Tis the season to stay up until midnight watching tape-delayed highlights and sit glued to sports you wouldn’t watch the rest of the year (handball? really??).
But with eight selling days left in this year’s London Games, and a brand-new month starting today, here are four Olympics-themed ideas for motivating your inside sales team. Whether you manage a transactional sale, or need to focus your team on activities and pipeline-building to start the month, I hope these ideas spark something that drives early-month momentum for you in August.
1. Gymnastics
Notice that the men and women effectively compete in three overall categories – the team competition, the “all around” individual competition, and the individual “skills” competition. Put your inside sales teams in groups (they might already be organized this way with managers as a “team captain”) and have them compete with each other for a few days. In the Olympics, individual gymnasts qualify for the all-around competition during the team “qualifying” round, so use this portion to drive team and individual performance against whatever metrics make most sense.
To keep the competition and promotion alive after the team competition, combine the highest-performing reps in an “all around” competition while everyone across the floor competes in the skills portion. Instead of uneven bars, vaults and rings, have them compete on talk time, demos given, opportunities created, services add-ons, etc.
2. Soccer
Similar start, in that teams compete initially in groups. To lengthen the competition and promotion, do a first round for a couple days to qualify (some teams get into the Olympics, some don’t). Once they make the Olympic round, do a “group” round of competition before advancing the top two teams from each group into quarterfinals, semifinals and an overall final on the last day.

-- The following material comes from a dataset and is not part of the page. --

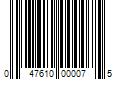 Barcode Image for UPC code 047610000075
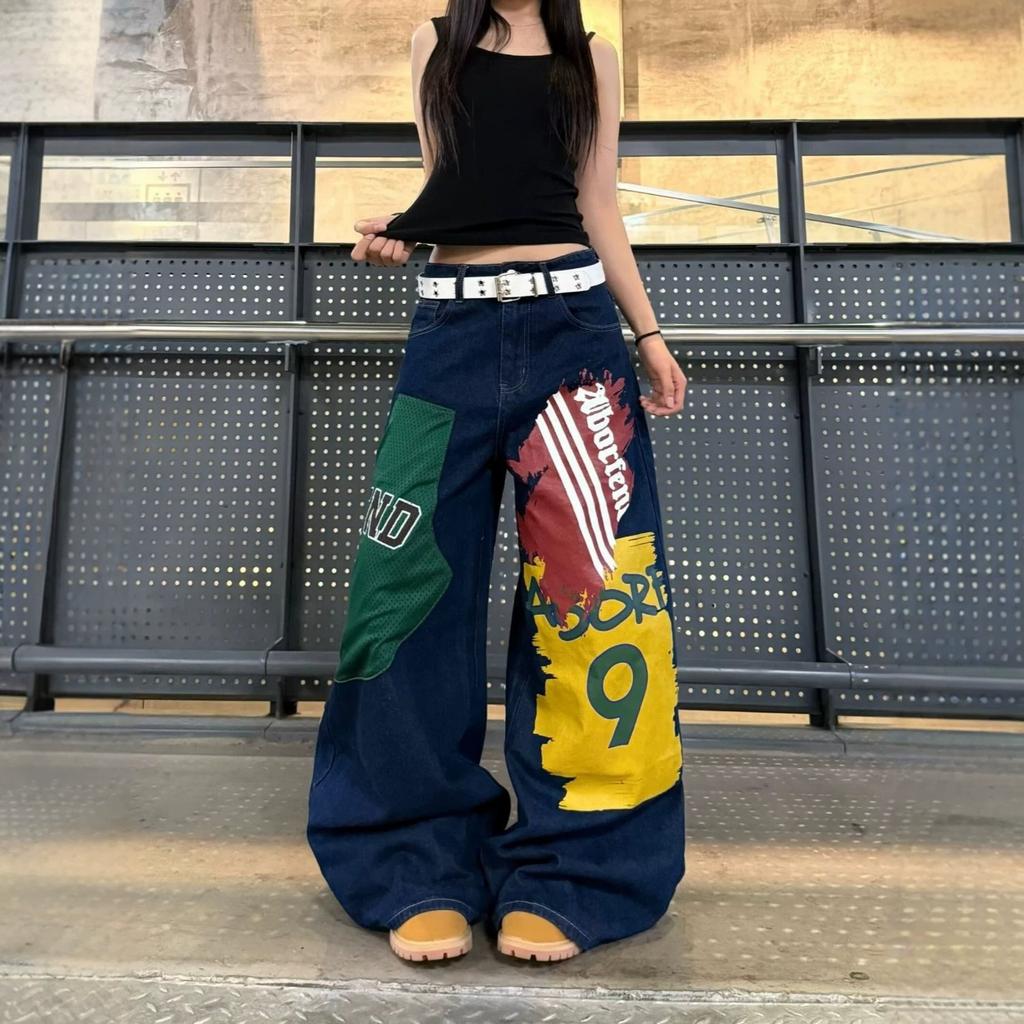 Women Straight Leg Denim Jeans Casual Solid Color Cotton Blend High Waist Daily Streetwear Long Pants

This competition works with groups or individuals, depending on the size of your inside sales team.
3. Swimming
Similar to soccer, but individual sales reps compete in trials as the first phase of the promotion, then “heats” in a second phase. The best performers make it into semifinals and finals based on the best “times”.
And similar to the gymnastics “skills” competition, consider breaking up different focus areas (talk time, etc.) as equivalent strokes – freestyle, backstroke, butterfly, etc. Get even more creative with an individual medley (combining skills) as well as relays.
4. Cycling
This also is both a team and individual competition. Cyclists also generally fall into two categories – sprinters and climbers. And although the Olympic road race is one long race (vs. various segments a la the Tour de France), you can still break the road race into multiple segments over several days (initial sprint, hills, laps, final sprint and/or time trial).
5. Weightlifting
This Olympic sport fascinates me, in that it’s all about one-upping the last guy to lift. The bar (no pun intended) keeps getting higher. Someone, for example, sets a killer talk-time score on Monday. Who can beat it on Tuesday?